The workshop focuses on explaining Mixture of Experts (MoE) architecture and then building a Mixture of Agents (MoA) application, replacing experts with agents.
Attendees will build their own app in a hands-on session.
Daria Soboleva, Head Research Scientist at Cerebras for 4.5 years, focuses on MoE and hardware-efficient LLM training, and created the SlimPajama data set.
Daniel Kim, Head of Growth at Cerebras, handles developer activations, marketing, and startup sales for Cerebras tokens and research projects.
Cerebras is a hardware company that makes custom silicon for running AI models "super duper fast," holding world records in public model hosting.
For Llama 3.370B, Cerebras is 15.5 times faster than the fastest GPU inference provider.
The evolution of LLMs progressed from scaling model size (GPT-3) to improving data quality (Llama) and now to architectural improvements like Mixture of Experts (DeepC3).
MoE addresses the challenge of scaling models further (e.g., from 13B to 600B parameters) by improving efficiency and inference infrastructure.
In a transformer architecture, the feed-forward network is a bottleneck because it must disentangle all information and activate specific neurons for diverse tasks (languages, domains).
MoE solves this by replacing one monolithic feed-forward network with multiple specialized "experts," each handling a specific task (e.g., math problems, biology).

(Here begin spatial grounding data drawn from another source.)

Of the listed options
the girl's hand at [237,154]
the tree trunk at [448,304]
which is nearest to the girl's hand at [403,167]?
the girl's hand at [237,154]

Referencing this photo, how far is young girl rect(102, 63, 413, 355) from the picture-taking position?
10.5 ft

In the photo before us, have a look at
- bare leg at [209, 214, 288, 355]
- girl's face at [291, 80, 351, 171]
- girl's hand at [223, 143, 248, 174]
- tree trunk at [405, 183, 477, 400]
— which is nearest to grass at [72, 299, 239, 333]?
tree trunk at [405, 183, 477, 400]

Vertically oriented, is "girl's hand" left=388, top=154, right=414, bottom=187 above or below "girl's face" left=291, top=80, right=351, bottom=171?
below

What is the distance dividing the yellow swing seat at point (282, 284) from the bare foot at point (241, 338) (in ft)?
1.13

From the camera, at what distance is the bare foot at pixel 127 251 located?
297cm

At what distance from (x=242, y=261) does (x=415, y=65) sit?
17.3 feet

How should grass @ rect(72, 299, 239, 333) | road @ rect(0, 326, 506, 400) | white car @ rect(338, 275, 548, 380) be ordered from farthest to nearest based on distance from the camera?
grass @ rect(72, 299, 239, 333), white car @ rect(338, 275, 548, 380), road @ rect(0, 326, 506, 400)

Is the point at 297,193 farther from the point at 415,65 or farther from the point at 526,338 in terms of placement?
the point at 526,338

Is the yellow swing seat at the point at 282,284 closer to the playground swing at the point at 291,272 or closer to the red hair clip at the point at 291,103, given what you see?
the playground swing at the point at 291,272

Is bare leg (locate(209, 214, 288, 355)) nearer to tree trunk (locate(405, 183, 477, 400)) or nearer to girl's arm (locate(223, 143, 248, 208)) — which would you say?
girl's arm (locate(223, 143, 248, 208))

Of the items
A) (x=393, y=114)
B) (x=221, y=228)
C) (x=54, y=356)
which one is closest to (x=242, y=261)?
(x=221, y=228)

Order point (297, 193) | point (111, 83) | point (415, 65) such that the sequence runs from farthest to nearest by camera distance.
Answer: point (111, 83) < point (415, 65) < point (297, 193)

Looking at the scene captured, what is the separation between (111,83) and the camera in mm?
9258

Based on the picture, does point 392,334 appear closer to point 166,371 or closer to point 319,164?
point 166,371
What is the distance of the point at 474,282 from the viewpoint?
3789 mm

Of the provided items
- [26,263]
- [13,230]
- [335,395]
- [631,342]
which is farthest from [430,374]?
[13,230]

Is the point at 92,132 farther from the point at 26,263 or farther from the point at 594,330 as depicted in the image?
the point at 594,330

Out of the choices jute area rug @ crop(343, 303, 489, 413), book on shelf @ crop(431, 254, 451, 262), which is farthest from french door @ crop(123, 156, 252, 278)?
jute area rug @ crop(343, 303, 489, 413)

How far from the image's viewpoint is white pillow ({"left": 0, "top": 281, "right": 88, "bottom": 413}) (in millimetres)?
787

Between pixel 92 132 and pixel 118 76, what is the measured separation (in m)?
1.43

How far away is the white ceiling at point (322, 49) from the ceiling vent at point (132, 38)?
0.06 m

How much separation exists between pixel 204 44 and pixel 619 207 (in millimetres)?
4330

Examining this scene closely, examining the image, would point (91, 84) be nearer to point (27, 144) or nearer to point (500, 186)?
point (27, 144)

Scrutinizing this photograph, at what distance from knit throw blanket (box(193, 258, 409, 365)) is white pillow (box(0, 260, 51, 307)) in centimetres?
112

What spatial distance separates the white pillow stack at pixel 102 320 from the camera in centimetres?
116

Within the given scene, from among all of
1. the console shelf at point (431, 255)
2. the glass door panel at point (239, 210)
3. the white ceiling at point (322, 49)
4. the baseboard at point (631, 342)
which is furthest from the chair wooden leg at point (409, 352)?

An additional "router" network decides which expert to select for a particular token, allowing models to increase parameters and capacity without increasing inference time, leading to better quality.
MoE is an industry standard used by companies like OpenAI (GPT-4) and Anthropic to scale models and gain better skills efficiently.
Ilya Sutskever's idea of "inference time compute" suggests that after hitting a data wall in pre-training, more compute can be done post-training to get better results.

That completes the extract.